Operations Automation in Elasticsearch
The diagram below represents the log operations that occur in the hybrid cloud setup.
There are cases where we need to have an Elasticsearch cluster setup done dynamically for setting up new environment or for indexing data for a certain period of time. Corestack offers templates to provision Elasticsearch cluster dynamically in multiple cloud environment including AWS, Openstack and Azure.
Managing Logstash agent configuration in one or two servers is easy, but the complexity and effort increases when we have to manage configuration in a larger number of servers. Corestack provides the ability to manage configurations of Logstash to a group of servers, defined as inventory in the system. It enables configuration management through leading tools such as Chef or Ansible or Puppet.
Monitoring health of Elasticsearch
CoreStack provides templates to monitor the health of infrastructure, services and performance of Elasticsearch cluster. The monitoring tracks the availability and utilization of infrastructure including compute, storage and network.
Autoscaling Elasticsearch Cluster
The scale up and scale down of Elasticsearch is very much required to meet the dynamic demands of indexing. The scaling policy defined based on the monitoring data to perform scaling in the cluster.
In case Elasticsearch has reached a high search load capacity, that is when it blinks red/yellow, the monitoring alert triggers an action to scale the cluster by adding an extra node, thus providing the system extra compute power and memory.

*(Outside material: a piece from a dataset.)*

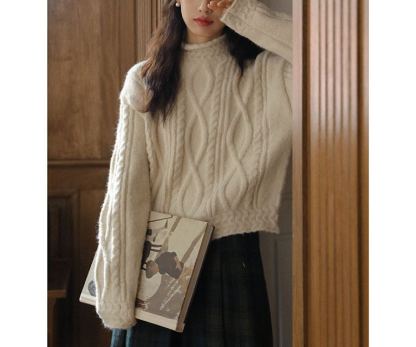 Cable Knit Mock Neck Sweater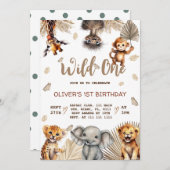 Invitation Safari Animaux 1er anniversaire (Devant / Derrière)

The atomic scaling unit for an Elasticsearch index is the shard. It makes sense then that to increase the size of the Elasticsearch cluster, the number of shards be increased. However, the number of primary shards cannot be changed after an index is created in Elasticsearch. Therefore, a new node is added, to increase the number of shard replicas. This modification to the Elasticsearch cluster can be done by firing a CURL call to the ES REST API endpoint.
By adding an extra node to the Elasticsearch cluster we can immediately distribute the search to the extra compute and memory that comes with the new node. Also, if the demand is low, the number of shards in use can be reduced by decreasing the number of nodes.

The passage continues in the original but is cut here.